» WHAT IS BEING ASKED
Every line below is to be given again precisely; images are to be left out.

» INFORMATION PROVIDED
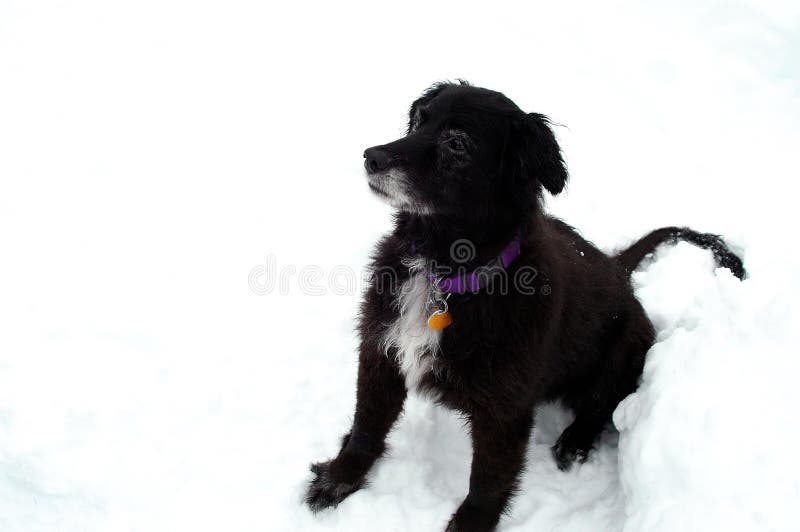 Stary pies siedzący śnieg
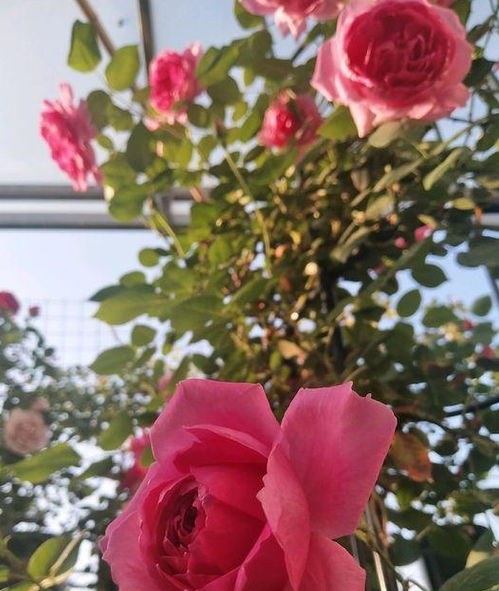 藤本月季抗病性强的品种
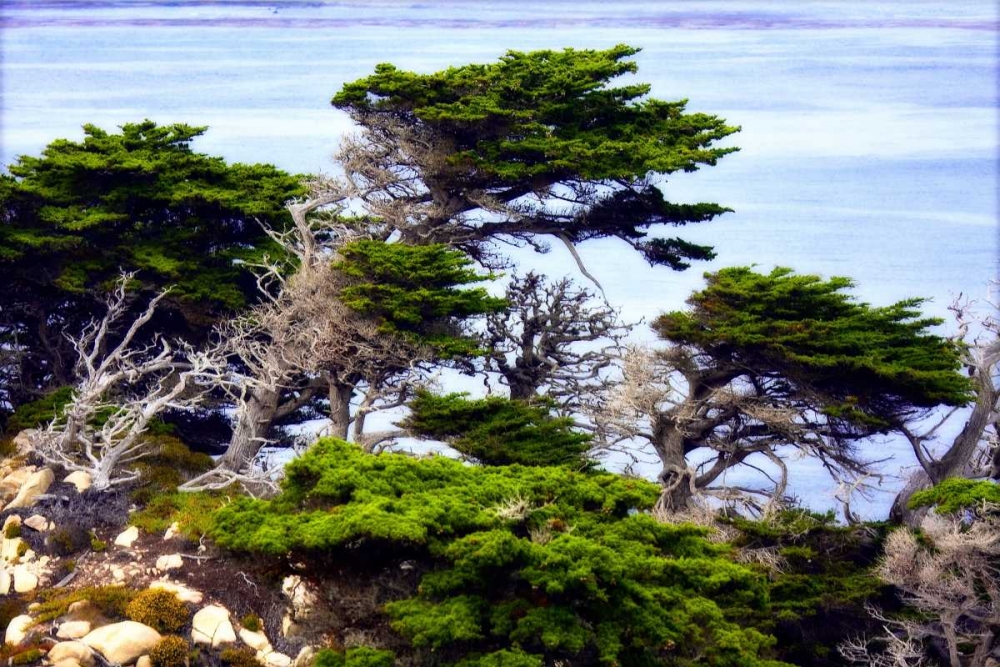 North Point I art print by Alan Hausenflock for $57.95 CAD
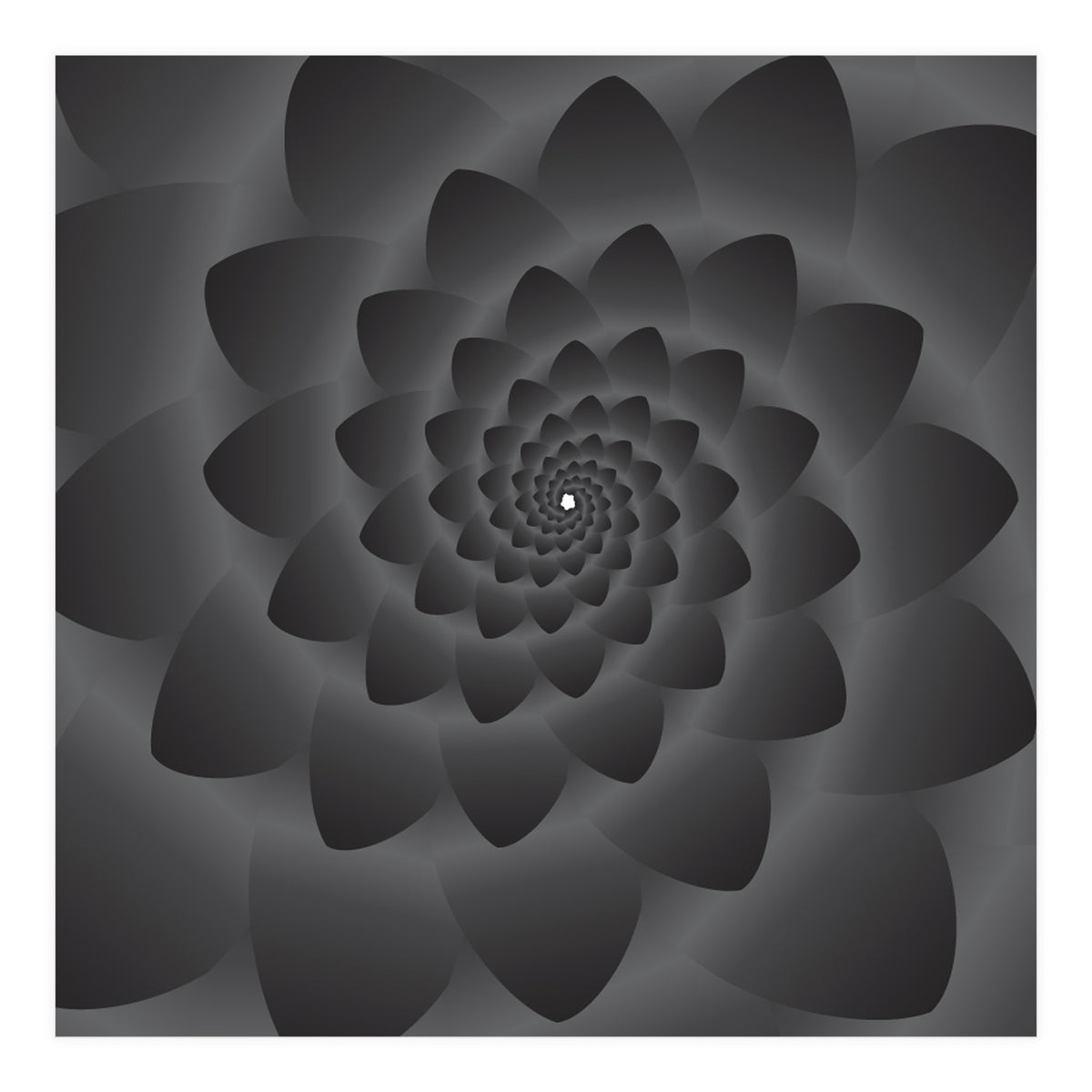 3 D Modern Black Floral (Print Only)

» YOUR RESPONSE
 Stary pies siedzący śnieg
 藤本月季抗病性强的品种
 North Point I art print by Alan Hausenflock for $57.95 CAD
 3 D Modern Black Floral (Print Only)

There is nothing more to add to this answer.